SUPPLIED ENTRIES START

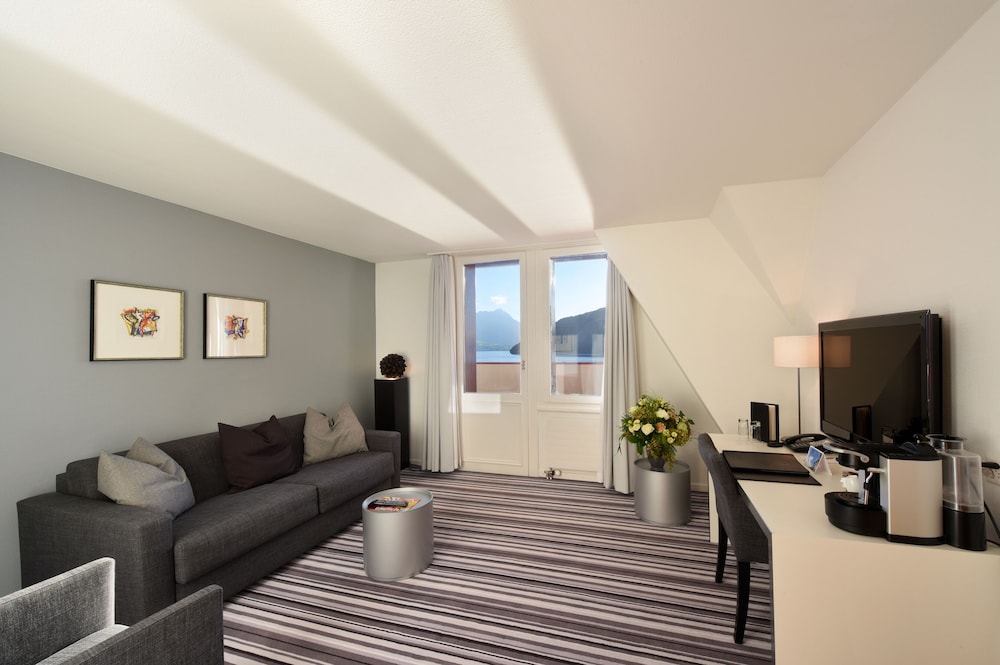 Premium Suite, Partial Lake View photo 3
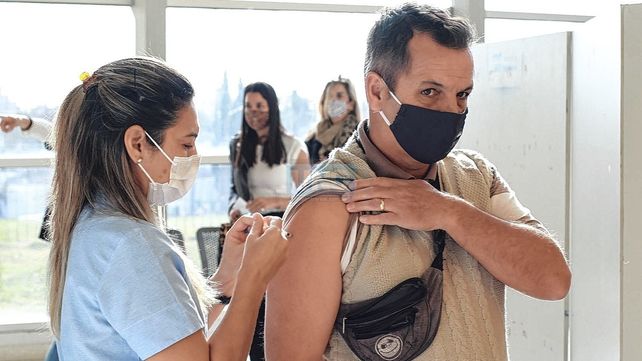 Por la llegada de más dosis vacunarán a los de 40-49 años
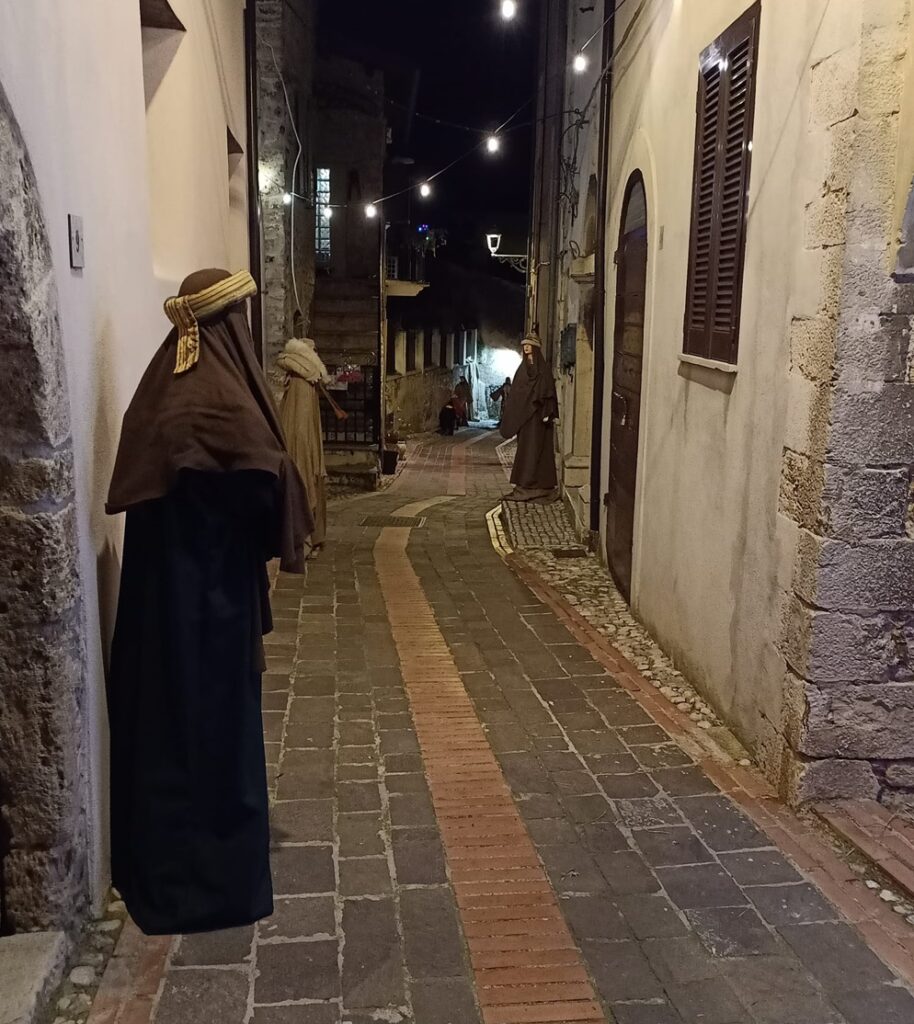 L'originale presepe tra le strette stradine di Salisano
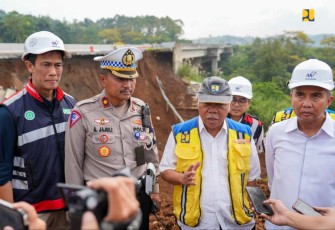 Menteri PUPR Basuki Hadimuljono saat memberikan keterangan pers di lokasi longsor ruas Cigombong - Cibadak  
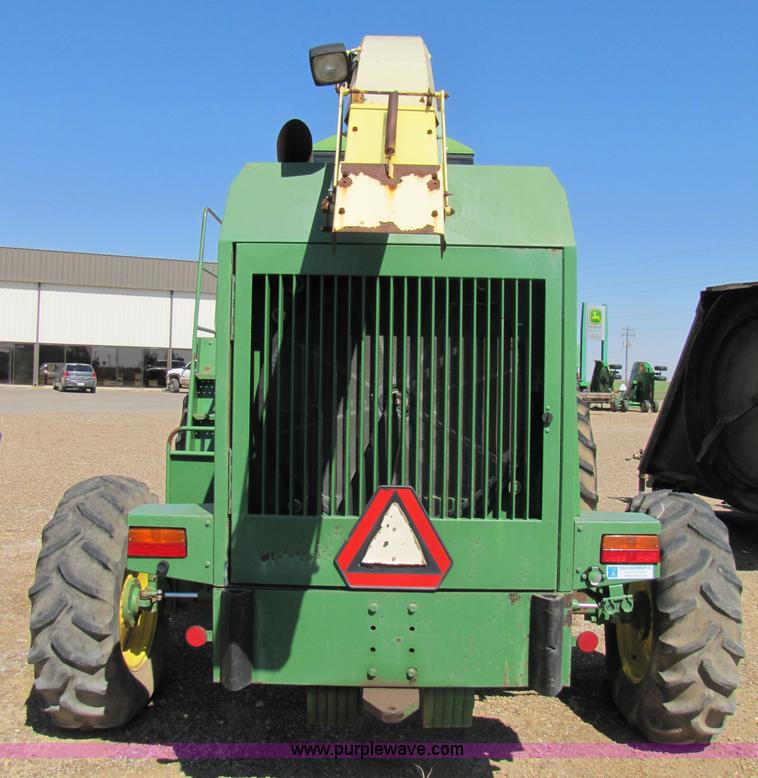 image for item 3458 1997 John Deere 6910 forage harvester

SUPPLIED ENTRIES END

* [ABOUT THIS TASK]: Reproduce precisely the lines of the entries above, from the one containing "Por la llegada" through the final one, both ends included, and omit the pictures.

* [SOLUTION TO THE PROBLEM]:
 Por la llegada de más dosis vacunarán a los de 40-49 años
 L'originale presepe tra le strette stradine di Salisano
 Menteri PUPR Basuki Hadimuljono saat memberikan keterangan pers di lokasi longsor ruas Cigombong - Cibadak  
 image for item 3458 1997 John Deere 6910 forage harvester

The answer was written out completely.